[llvm-dev] [RFC] Changes to llvm.experimental.vector.reduce intrinsics

Thu Apr 4 14:26:05 PDT 2019

Hi Sander,

thank you for pushing these intrinsics forward. I am not familiar
enough with the details to say whether anything else might be missing
for them to become less experimental, but the changes you propose all
look like clear-cut improvements to me.

On Thu, 4 Apr 2019 at 15:11, Sander De Smalen via llvm-dev
<llvm-dev at lists.llvm.org> wrote:
>
> Hi all,
>
>
>
> While working on a patch to improve codegen for fadd reductions on AArch64, I stumbled upon an outstanding issue with the experimental.vector.reduce.fadd/fmul intrinsics where the accumulator argument is ignored when fast-math is set on the intrinsic call. This behaviour is described in the LangRef (https://www.llvm.org/docs/LangRef.html#id1905) and is mentioned in https://bugs.llvm.org/show_bug.cgi?id=36734 and further discussed in D45336 and D59356.
>
>
>
> This means that for example:
>
>     %res = call fast float @llvm.experimental.vector.reduce.fadd.f32.v4f32(float undef, <4 x float> %v)
>
>
>
> does not result in %res being 'undef', but rather a reduction of <4 x float> %v. The definition of these intrinsics are different from their corresponding SelectionDAG nodes which explicitly split out a non-strict VECREDUCE_FADD that explicitly does not take a start-value operand, and a VECREDUCE_STRICT_FADD which does.
>
>
>
> With the vector reduction intrinsics still experimental, I would like to propose to change this behaviour. I would also like to take this opportunity to ask what other changes are required, so that we can make an effort towards dropping the 'experimental' prefix at some point.

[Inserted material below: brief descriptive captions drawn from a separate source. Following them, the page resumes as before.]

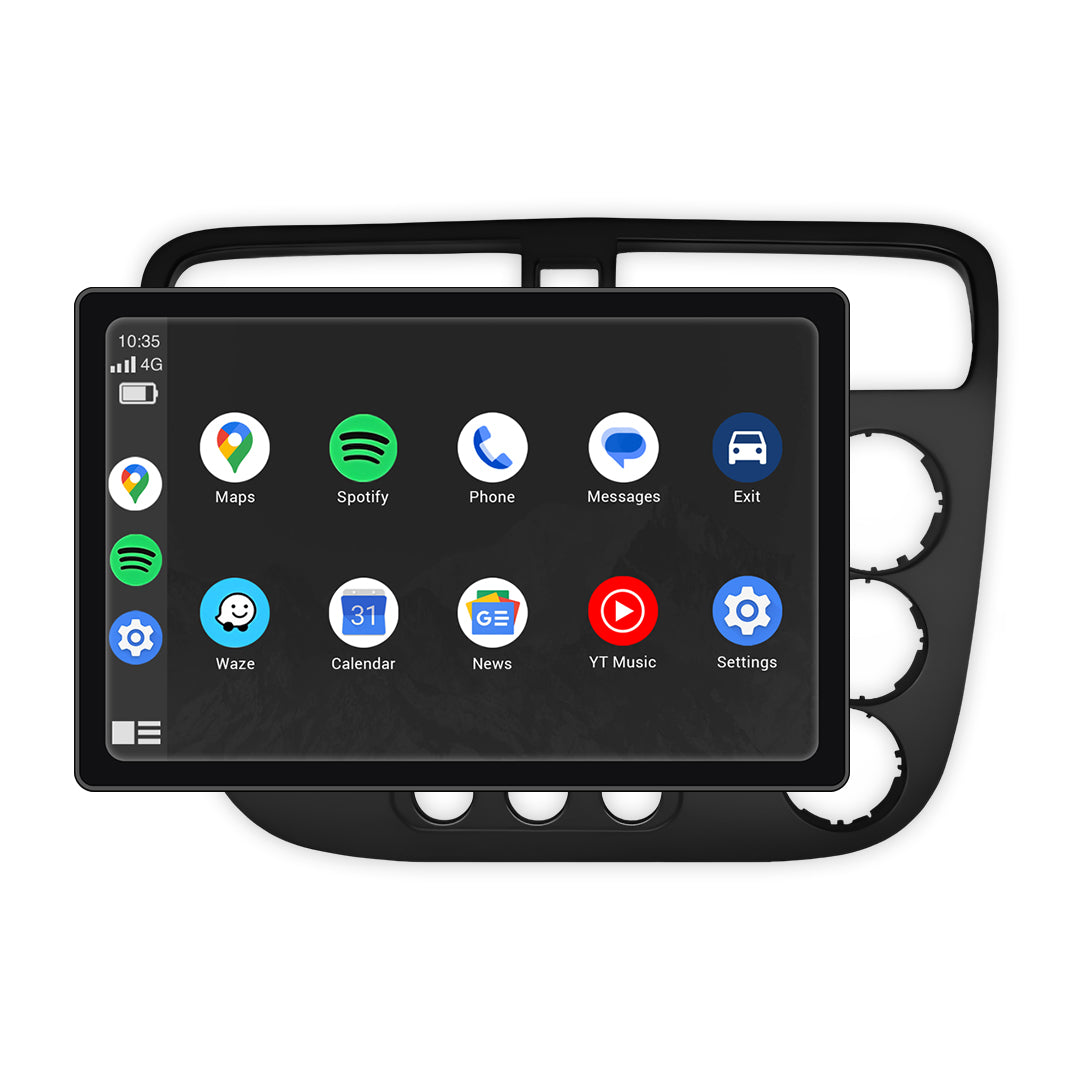 Honda Civic ES Sedan (2000 - 2005) 9" 13.3" Wireless Android 16 Head Unit for Apple CarPlay / Android Auto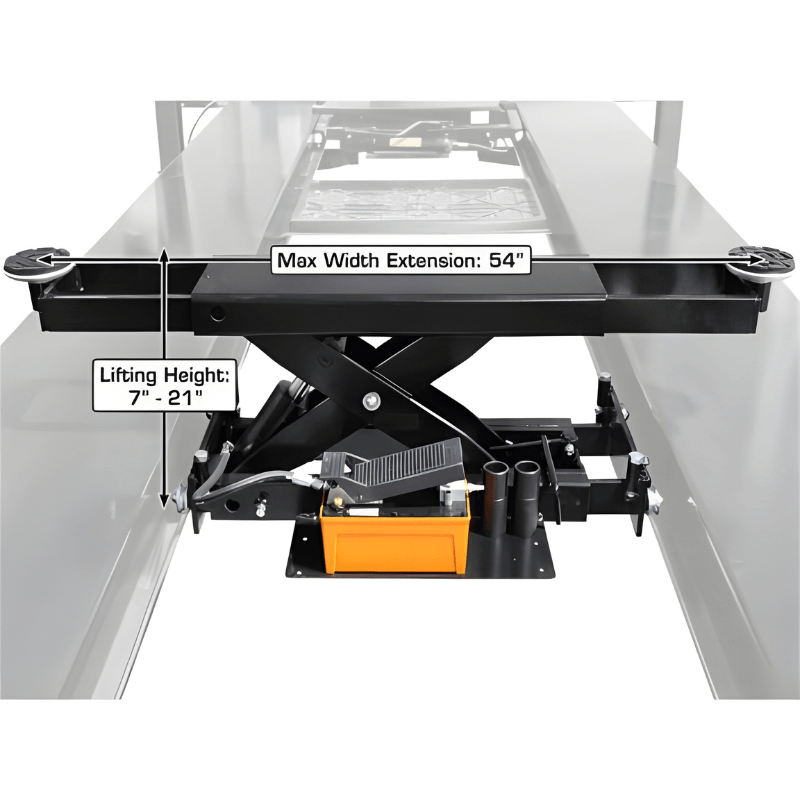 Atlas Automotive PRO9000 - 9000 lb - 4 Post Vehicle Lift with (2) RJ6BK Rolling Bridge Jacks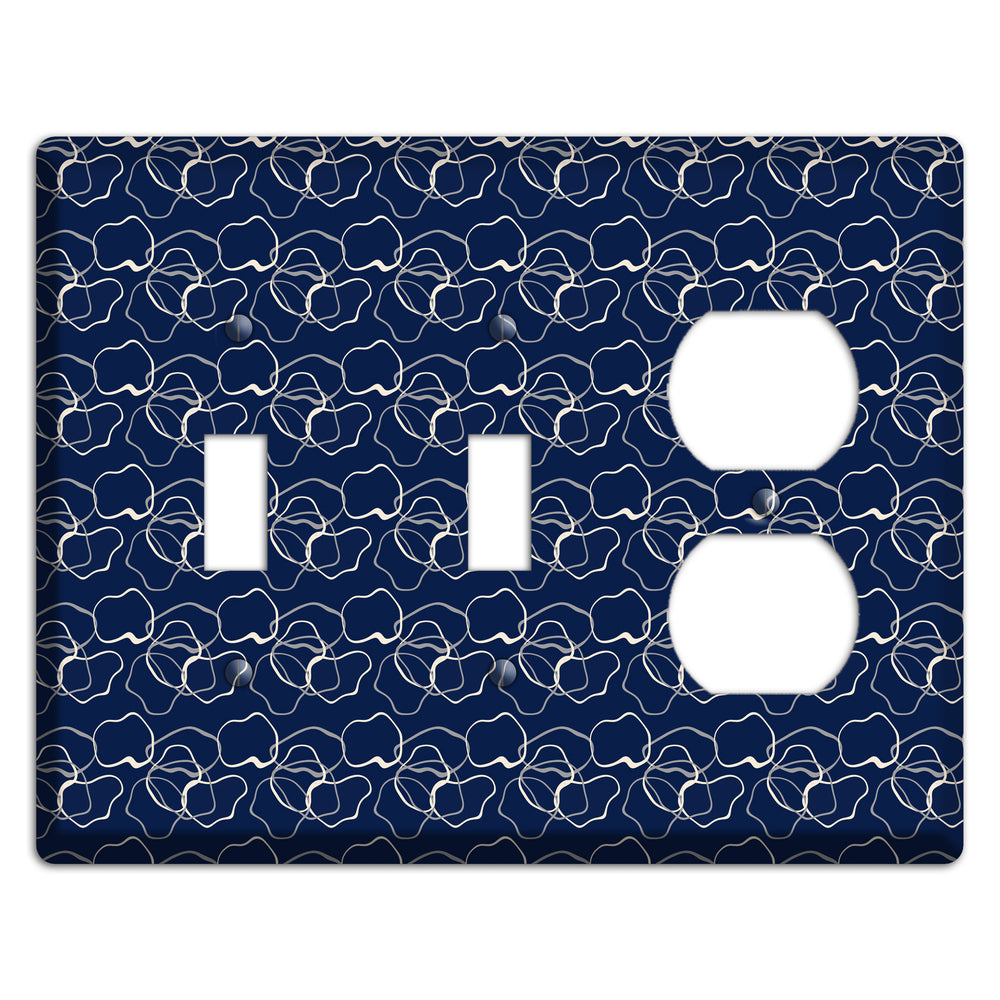 Blue with Irregular Circles 2 Toggle / Duplex Wallplate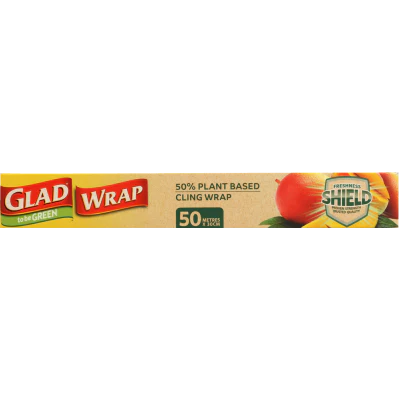Glad To Be Green 50% Plant Based Cling Wrap 50m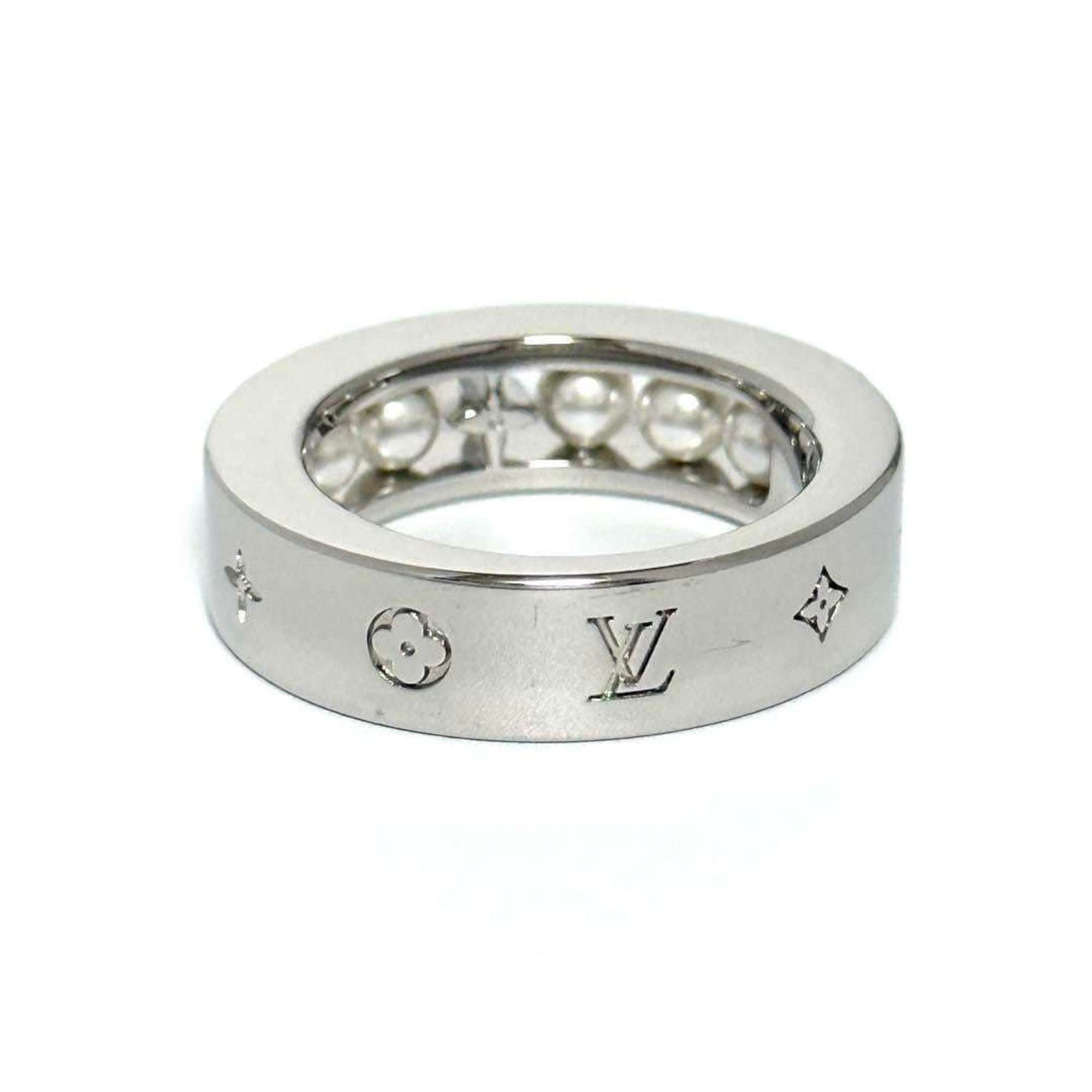 Louis Vuitton Silver 925 Band Ring (Pre-Owned)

Big +1 for removing this pitfall. It's a very counterintuitive design
IMO and is partially responsible for some unnecessarily complex code
in the Rust compiler, so I'd be happy to see it go.

>
>
>
> Proposed change:
>
> ----------------------------
>
> In this RFC I propose changing the intrinsics for llvm.experimental.vector.reduce.fadd and llvm.experimental.vector.reduce.fmul (see options A and B). I also propose renaming the 'accumulator' operand to 'start value' because for fmul this is the start value of the reduction, rather than a value to which the fmul reduction is accumulated into.
>
>
>
> [Option A] Always using the start value operand in the reduction (https://reviews.llvm.org/D60261)
>
>
>
>   declare float @llvm.experimental.vector.reduce.v2.fadd.f32.v4f32(float %start_value, <4 x float> %vec)
>
>
>
> This means that if the start value is 'undef', the result will be undef and all code creating such a reduction will need to ensure it has a sensible start value (e.g. 0.0 for fadd, 1.0 for fmul). When using 'fast' or ‘reassoc’ on the call it will be implemented using an unordered reduction, otherwise it will be implemented with an ordered reduction. Note that a new intrinsic is required to capture the new semantics. In this proposal the intrinsic is prefixed with a 'v2' for the time being, with the expectation this will be dropped when we remove 'experimental' from the reduction intrinsics in the future.

I like that this option will allow some code (e.g., frontends,
constant folding, certain instcombines) to treat unordered reductions
as essentially the same as ordered ones without having to go out its
way to cover two different intrinsics with slightly different argument
lists.

Cheers,
Robin